Hi Andy, no one has responded yet. I have had to downgrade the files and had to render them to check the recordings and have lost the advantage of having shot in 50p. I really hope someone replies soon. There are some settings suggestions abut Edius but unfortunately I am unable to run Edius on my I5 system. Maybe there is anther software which you can suggest which could do the jobe, thanks.

Andy Wilkinson
May 6th, 2013, 03:02 AM
Will Vegas 12 not handle 1080p50 on your i5 windows box? Very surprised at that - but I rarely use Vegas now so someone else will have to help as there will have been a lot of changes from my Vegas 9 to your 12.

By "downgrading" your files I hope you kept a copy of the originals in tact...

As I mentioned before, the best approach is always to do a few tests on a few short clips to optimise your workflow (and write down notes about your findings and all critical settings used).

Only once you have established what works best - lots of pixel peeping on the resulting very short test movies once they are rendered to your choosen viewing format - would I then consider throwing a huge project at your system....which is what 96GB sounds like to me!!!

That's why my YouTube Channel (AndyKWilkinson) has a quite a few "worthless" test films on it...a few of my TM900/Vegas test results are even public too...

I can't help with Edius as have no experience of it.
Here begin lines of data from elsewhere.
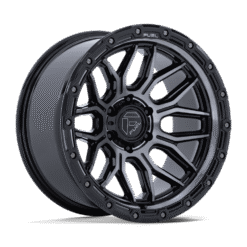 Fuel FC881 SURGE GLOSS BLACK MACHINED W/ GTCC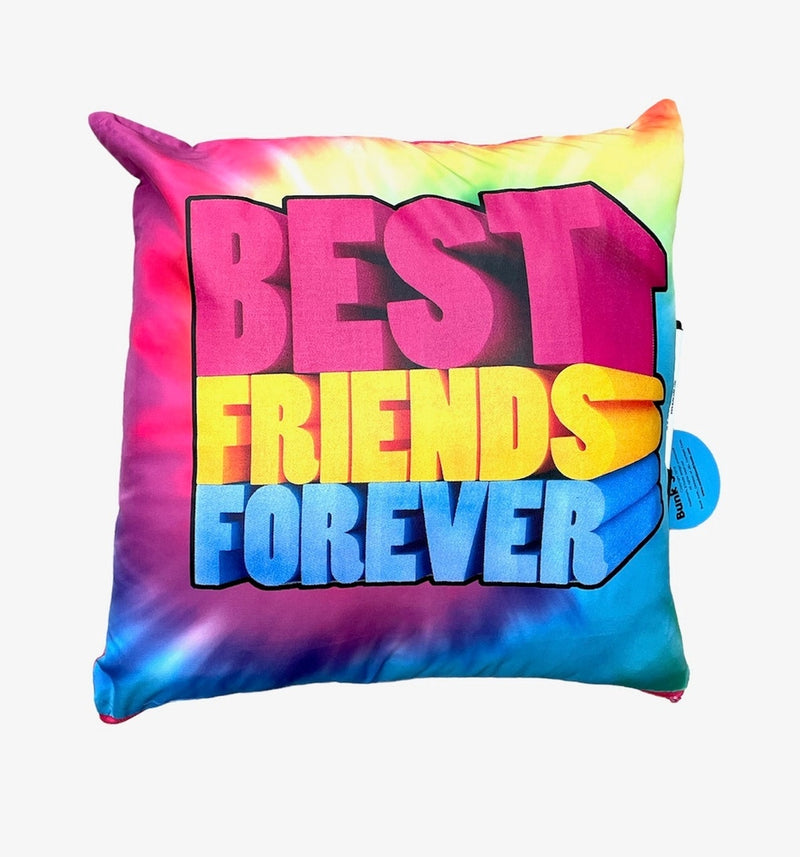 BJ900 CONFETTI BEST FRIENDS FOREVER PILLOW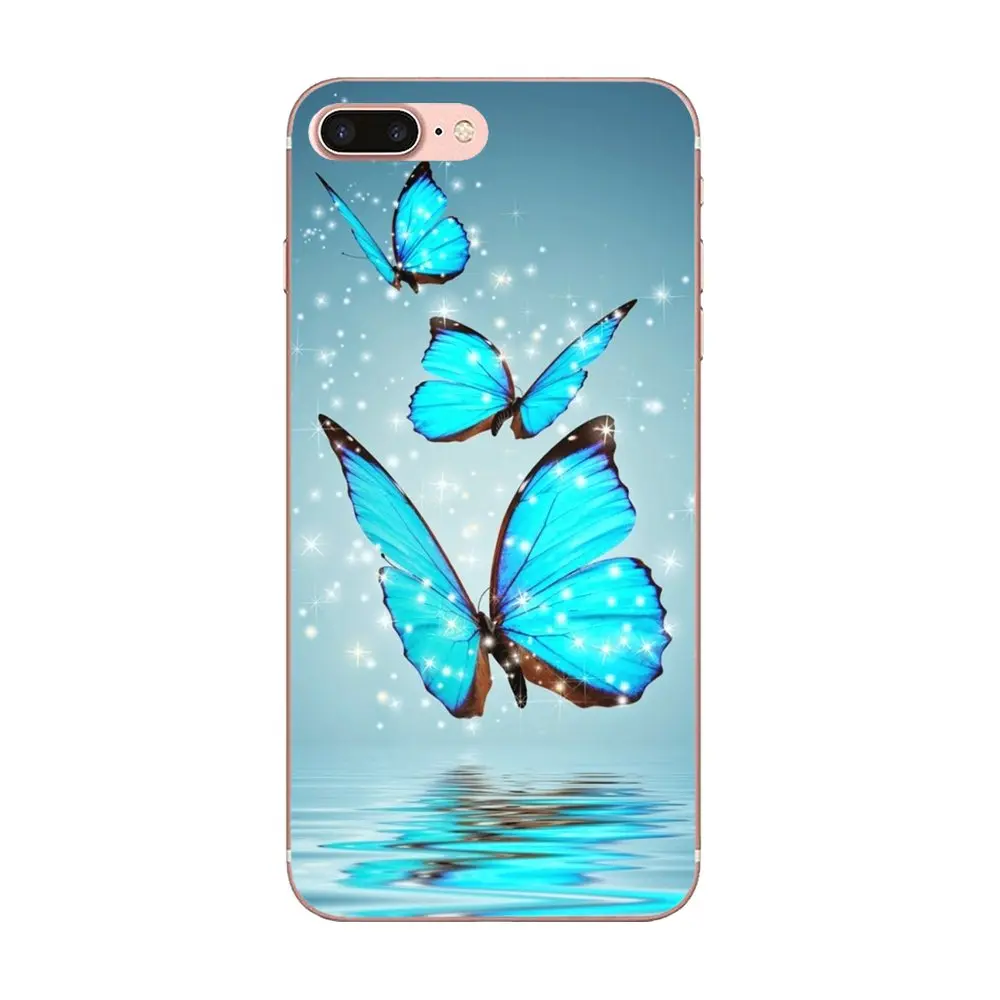 Мягкие чехлы для HTC 530 626 628 630 816 820 One A9 M7 M8 M9 M10 E9 U11 Moto G G2 G3 G4 G5 G6 G7 Красивая синяя
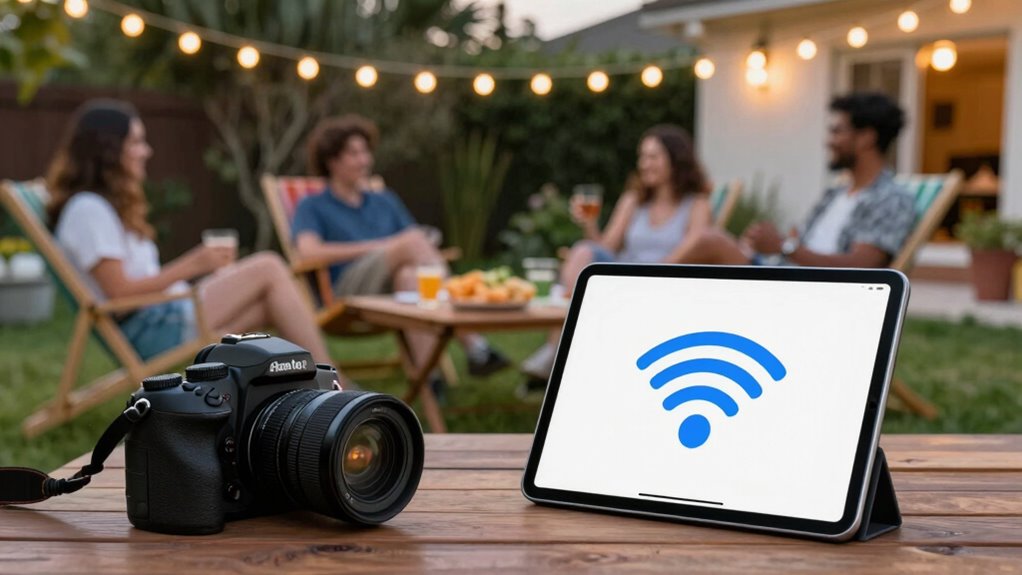 wi fi coverage for parties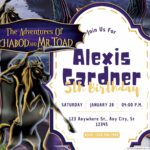 14+ The Adventures of Ichabod and Mr. Toad Birthday Invitation Templates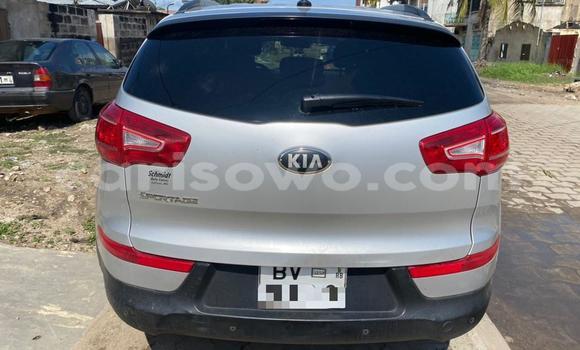 Sayi Na hannu Kia Sportage Azurfa Mota in Cotonou a Benin Sayi Na hannu Kia Sportage Azurfa Mota in Cotonou a Benin
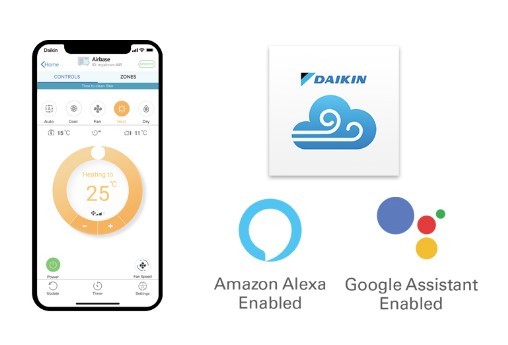 Daikin air store base google home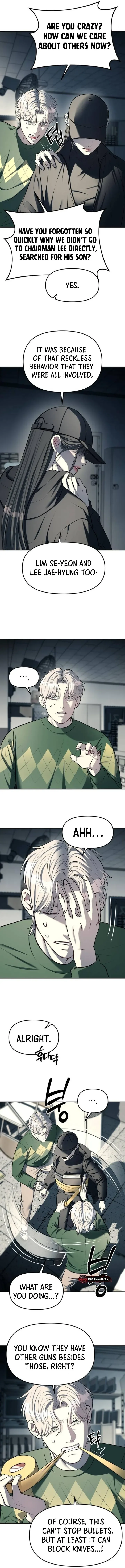 Undercover! Chaebol High School Chapter 25 page 8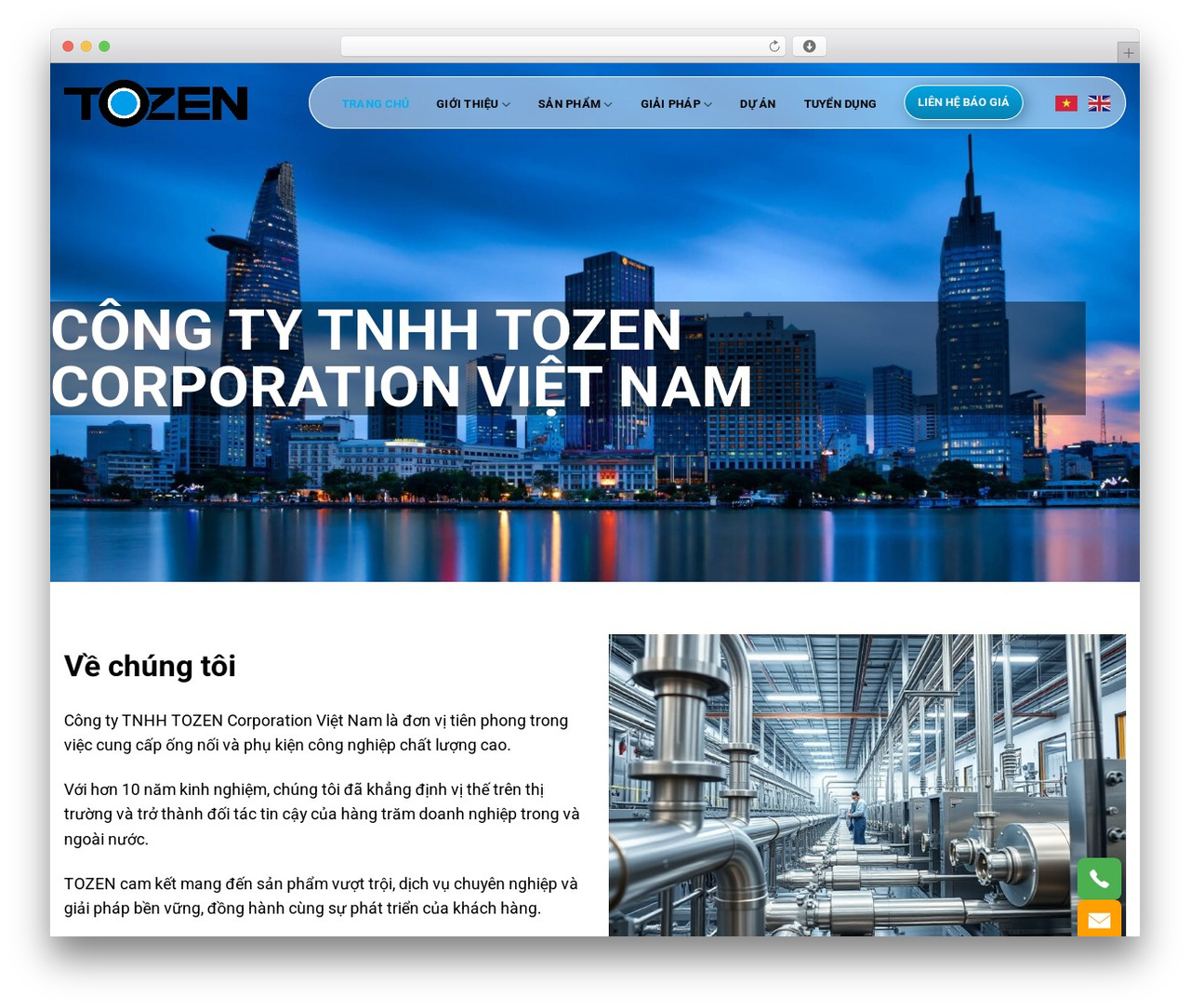 Flatsome WordPress theme - tozen.com.vn Flatsome WordPress theme - tozen.com.vn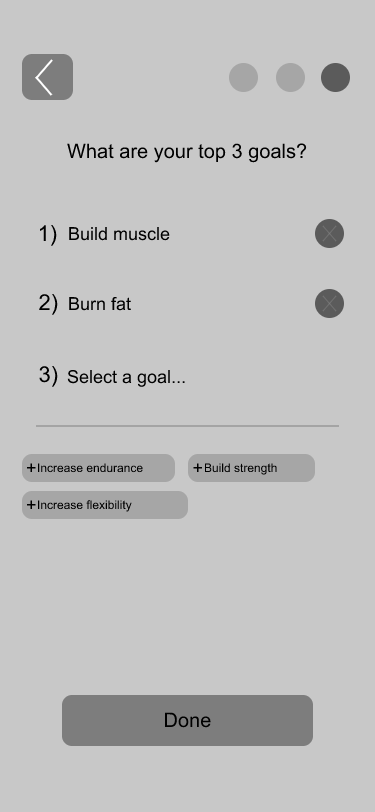 Preferences C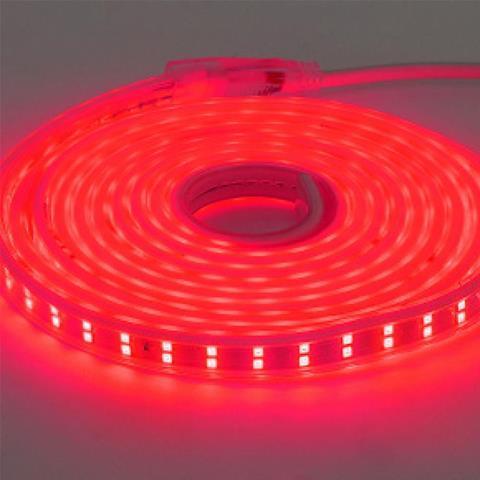 Светодиодная влагозащищенная лента Horoz 5W/m 156LED/m 2835SMD красный 50M 081-006-0001 HRZ00002728 в Санкт-Петербурге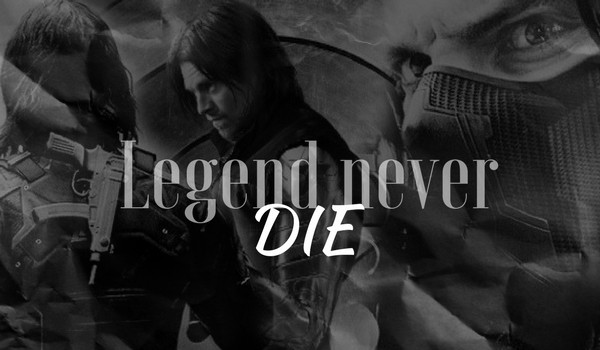 Legend never die #8 Bucky Barnes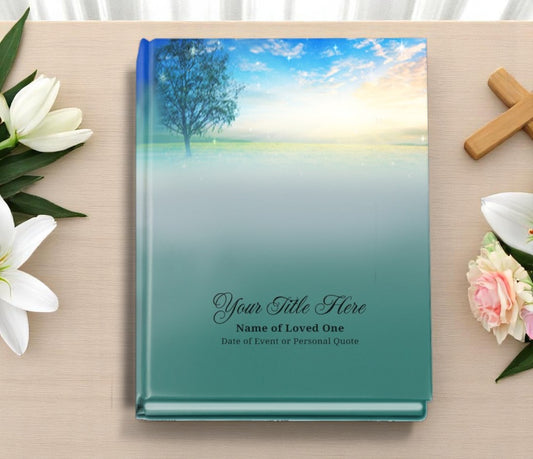 Destin Funeral Guest Book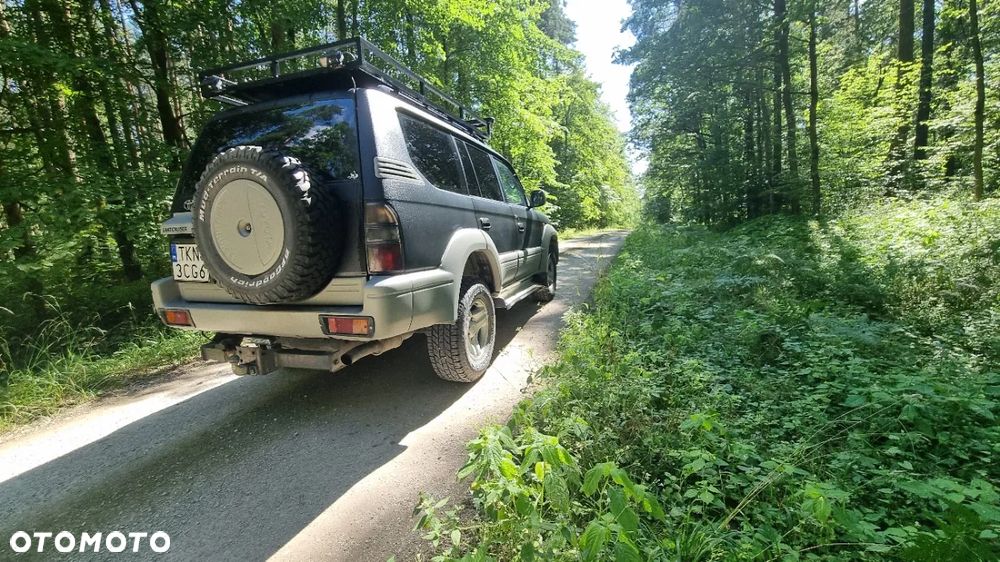 Toyota Land Cruiser KJ90 3.0 TD - 5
No idea why it would not work on your i5 computer.

Mike Prendergast
May 6th, 2013, 07:04 AM
Riki, Here is the workflow i use with TM900 footage (i shoot 1080 60p) and Sony Vegas Pro 11:

1) Transcode the MTS files to AVI using Cineform. You can get a free copy of the software at GoPro.com
2) Open Vegas project with settings in attached image
3) Add AVI files to Vegas project. (AVI files will allow for smooth playback during editing)
4) Edit (disable smart re-sample on all clips)
5) Render with settings in attached image.
6) When you are finished with project editing, you can delete AVI files to save space. DO NOT delete the MTS files.



Hi Andy,
Following up on your suggestion I just returned from a long May day holiday and have shot around 96gb of video all in 1080/50p. Now would really appreciate if someone could guide me to the render settings in Sony Vegas Pro 12.
Also I am streaming from a Popcorn C300 to a Panny TV and that is the only way I will be watching the videos.
Thanks

Riki Rana
May 6th, 2013, 07:14 AM
Thanks Mike for your reply. One question, my camera is a European model so I have shot on 1080-50p. Do I choose 1920*1080-50p (Double Pal) in Vegas. Any other settings to change ? Also forgive my ignorance , but Cineform Import does not see the .mts files, maybe I am doing something wrong.

Mike Prendergast
May 6th, 2013, 09:41 AM
Riki, Yes match your footage (50p) for the project settings and for rendering use 25 in place of 29.97 that i have.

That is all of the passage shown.